Lots of pubs have fascinating stories attached to them but it’s a shame so few of them seem to be true.
Take the Ostrich at Colnbrook, Buckinghamshire, which features in many of those ‘old inns of England’ books with variations on this fantastic story, as told on its website:
As with most historic buildings, The Ostrich has seen it’s fair share of murders and they say that over 60 were committed here. Most famous of all were those committed in the 17th century by the landlord of the time, Jarman, who with his wife made a very profitable sideline by murdering their guests after they had retired for the night.

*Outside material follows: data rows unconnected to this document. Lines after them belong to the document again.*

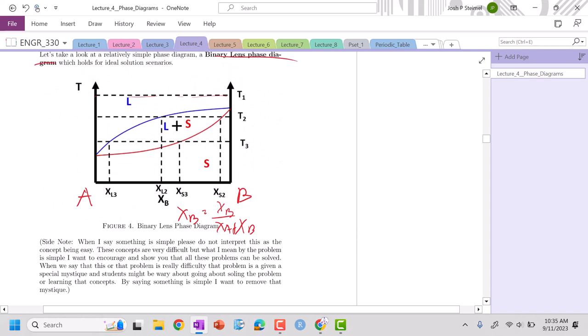But something happens here. When I go to temperature two, I'm liquid, liquid, liquid. Then I cross into this two phase region, where I'm no longer liquid or solid, but I am simultaneously a mixture of liquid plus solid. And then until I get to here, this composition X sub S2, then I become solid again.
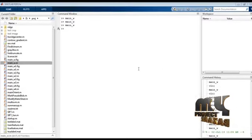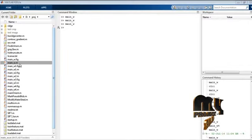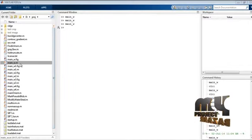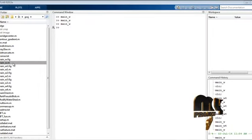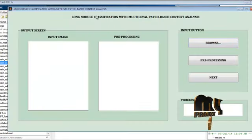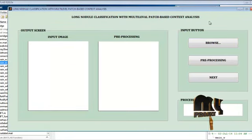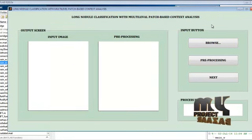Next, we will see the output for the product. The main file is run to produce the output for lung nodal classification with multilevel patch-based context analysis.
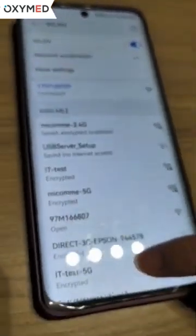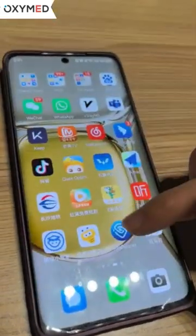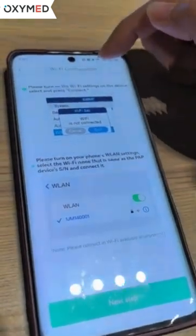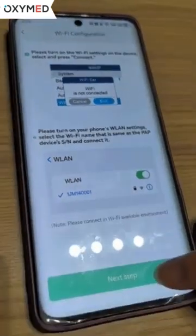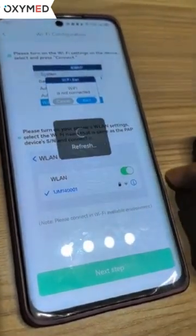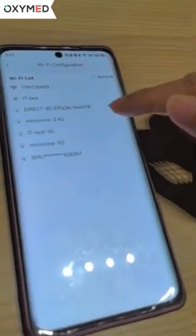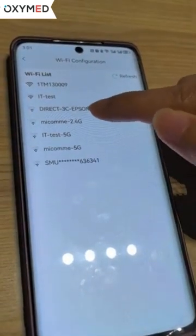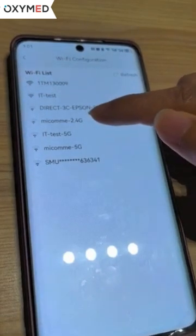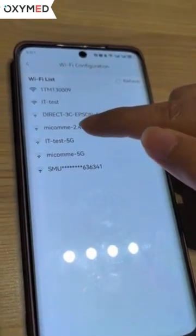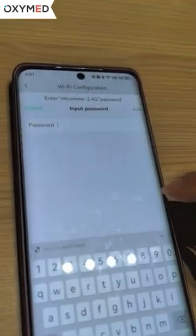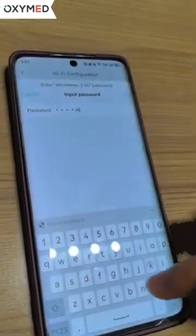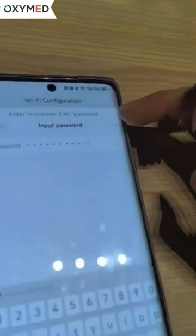Next, we exit the device Wi-Fi and return to the partner app. We enter the Wi-Fi configuration and click next step. We need to choose our home Wi-Fi — pay attention to select the 2.4GHz network. Then we enter our home Wi-Fi password and click join.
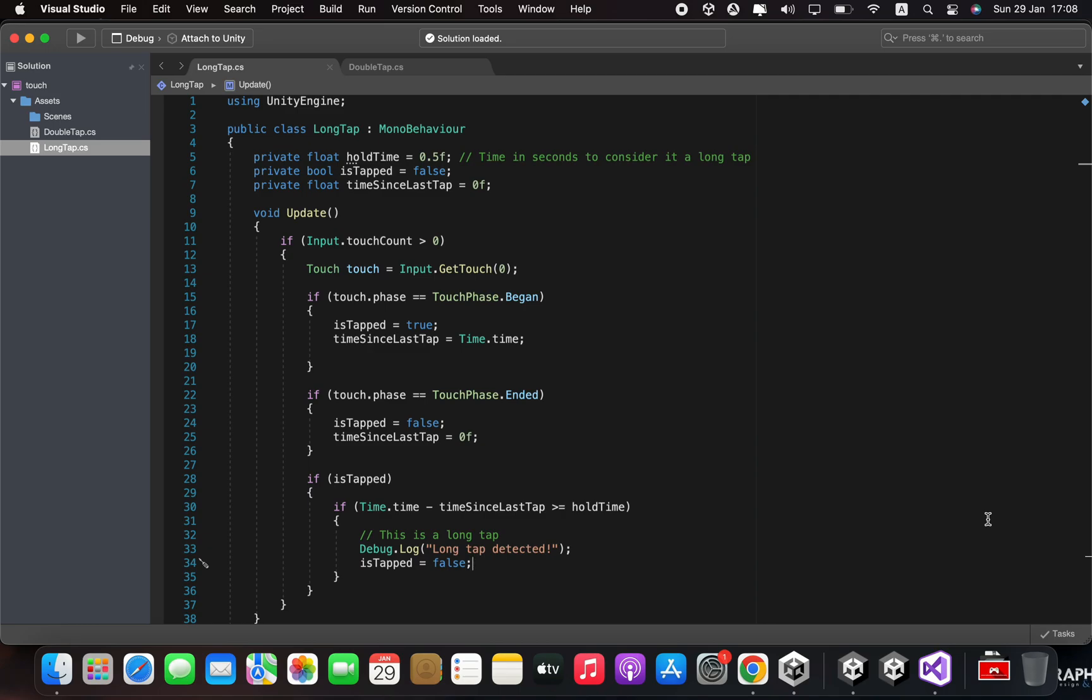If is tapped is true, we check if the time since the last tap is greater than or equal to hold time. If it is, we know that it is a long tap and we can perform any actions we want, such as displaying a message or running a function.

They had a trap door built into the floor of one of their bedrooms and when a suitably rich candidate arrived Jarman would inform his wife that a fat pig was available if she wanted one! She would reply by asking her husband to put him in the sty for till the morrow. The bedstead was hinged and they would tip the sleeping victim into a vat of boiling liquid immediately below, thus killing him.
Jarman and his wife’s activities came to an end when their greed got the better of them and they plotted to kill a well known clothier Thomas Cole. After persuading him to make his will before he retired, Jarman killed Cole. Unfortunately Cole’s horse was found wandering the streets nearby and caused a search for his owner who had been last seen entering The Ostrich! His body was found some time later in a nearby brook and some say that this Cole-in-the-brook is how Colnbrook got its name. It’s a nice story but whether it is true or not, who’s to say!
Who’s to say? Mike Dash, that’s who. That story, Mr Dash reveals, is actually from an early English novel, Thomas of Reading by Thomas Deloney, where it is told of a pub in ‘Colebrook’ called The Crane. There might be a kernel of truth in the yarn, but only, it seems, in the same way that the supernatural clown in Stephen King’s IT was inspired by real-life serial killer John Wayne Gacy.
And there’s an awful lot of this about:
@BoakandBailey yeah Glasgow has three oldest "pubs" although they use slightly different definitions to justify
— ahaufstop (@ahaufstop) March 3, 2015
In more recent history, which should be easier to unpick, we never did find any firm evidence to suggest that Sir John Betjeman was actively involved in the campaign to save the Black Friar pub at Blackfriars — a claim made on a plaque at the pub and all over its website.
It would probably be too much to ask pubs to provide citations for their claims, perhaps on a series of smaller plaques underneath the big one, but at the very least writers should try to avoid unthinkingly parroting these tall tales.